Beginning #2 tells readers they are entering a world where imagination and suspension of disbelief will launch them on a great adventure: “This is a true story. True story!? Humbug…. Either a narrative is true or it’s a story. It cannot be both. Period. End of story.”
Let me unfold the plot just enough to get you started. Giving you too many details will spoil the fun. You will want to be puzzled, startled and enlightened as you travel along with our questing narrator.
Amschl, a documentary filmmaker, is prompted by an elderly Czech Jew he meets in Eldridge Street Synagogue in New York to go to Prague and make a film about the true history of his idol, Kafka.
Everything seems possible in Prague, a mystical city. With camera in hand, he visits the oldest synagogue, Altneuschul, where the legendary Golem is said to be asleep in the attic. Another character says he survived the German invasion in that same attic.

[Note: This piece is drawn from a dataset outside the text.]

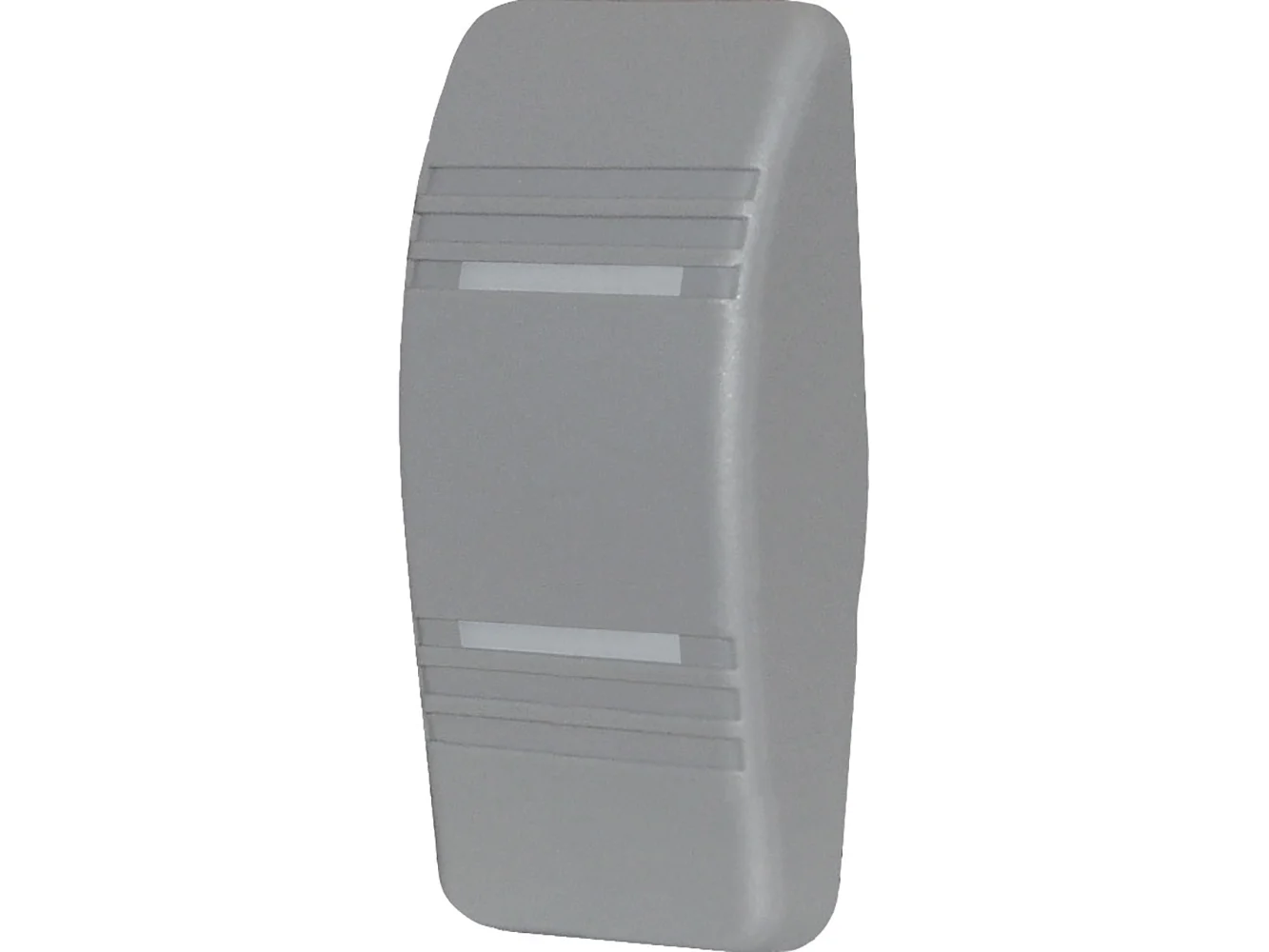Blue Sea 8298 Contura Switch Grey Actuator - Double Lens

Amschl’s other encounters include a man with a “golem’s” face; the old beadle of the synagogue who insists there never was an attic; Katya, the beautiful girl in the blue beret who knows more than she tells our narrator, agrees to go to a concert with him and then disappears for a spell; a man who swears he is Kafka’s son and then he too disappears; and the enigmatic Mr. Klein, who does not disappear.
Mr. Klein becomes a companion, but raises additional questions. His very high energy level and obvious old age is puzzling. Katya reappears and leads our narrator to a synagogue not listed in the Jewish sites brochure, where he spots Mr. Klein praying quietly. The plaster lions guarding the holy ark leap off and come alive. Amschl is both frightened and frustrated because he does not have his camera to record this fantastic scene. Katya and Mr. Klein share knowing glances and a few words to add to the puzzle.
“The whole thing didn’t make sense” to Amschl but he plods on hoping to clear up one implausible “fact” after another. At one point, the absurdities pile up and he thinks, “It reminded me of what I learned in geometry, maybe algebra: multiply two negative numbers and you get a positive…. You add up two absurds and get one truth.”
The puzzle is compounded by the fact that all of these characters are breathing, rational, real people. Along with our narrator, you want to believe them. You will also note that most of them have a “K” beginning their first or last name.
The narrator keeps moving forward, looking for the breakthrough, and takes the reader, who becomes a willing partner on this whirlwind journey, to the startling ending I promised in my third paragraph.
Kafka’s Son is a superb novel that can be enjoyed on many levels. It keeps you guessing and turning pages to uncover the truth, and I agree with the French reviewer from Lire, a leading literary journal, who is unequivocal in his praise: “As to whether Kafka had an heir, the answer is obvious. His name is Curt Leviant.”
End of story!
Sidney Kessler, z”l, was a freelance writer in Glen Allen, Va. His articles appeared in the Wall Street Journal and the Richmond Times-Dispatch, among other publications.